Domestic Abuse Misconception #27: Taking a neutral position won't hurt anybody. Ah, the neutrality myth. And it is just that. A myth. Truth is that remaining neutral always helps the oppressor, the abuser.
I can see how many friends and family members and even pastors would want to take a neutral position. After all, their loyalty is to both parties. Most people don't want to have to pick sides.
Trying to maintain a neutral position sends a lot of messages. Neutrality tell the abuser that what he is doing just isn't that bad and that he can cause unspeakable damage with no relational consequences. It tells the victim that she must be partially at fault, otherwise you wouldn't be so on the fence. It tells her that you really don't believe her. It tells her that she is on her own.
Neutrality benefits no one other than the one who wishes to remain neutral and keep their hands from getting dirty. But unspeakable atrocities have been done while good people chose to turn a blind eye and look away and stay out of it and do nothing. Doing nothing always helps the abuser.

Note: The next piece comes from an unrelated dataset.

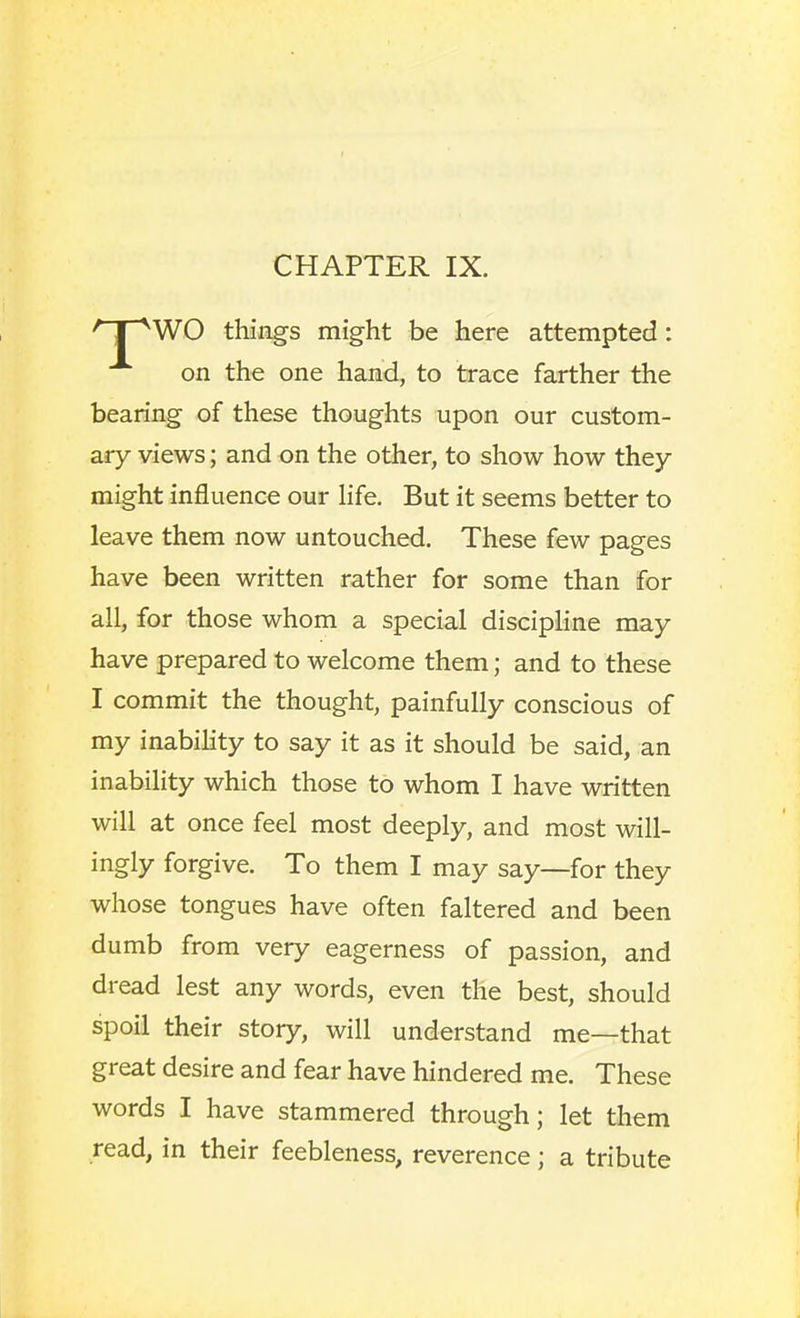 CHAPTER IX. 'T~^WO things might be here attempted: on the one hand, to trace farther the bearing of these thoughts upon our custom- ary views; and on the other, to show how they might influence our hfe. But it seems better to leave them now untouched. These few pages have been written rather for some than for all, for those whom a special discipline may have prepared to welcome them; and to these I commit the thought, painfully conscious of my inability to say it as it should be said, an inability which those to whom I have written will at once feel most deeply, and most will- ingly forgive. To them I may say—for they whose tongues have often faltered and been dumb from very eagerness of passion, and dread lest any words, even the best, should spoil their story, will understand me—that great desire and fear have hindered me. These words I have stammered through; let them read, in their feebleness, reverence; a tribute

Jeff Crippen, one of the foremost authorities of domestic abuse and the church, has written this powerful article on the myth of neutrality and the damage it does.
(Note: In all of my posts I use "he" for abuser and "she" for victim for simplicity and because, in the majority of cases, the abuser is male. But it can be the opposite with a female abuser. Dynamics of abuse can also happen in same sex relationships.)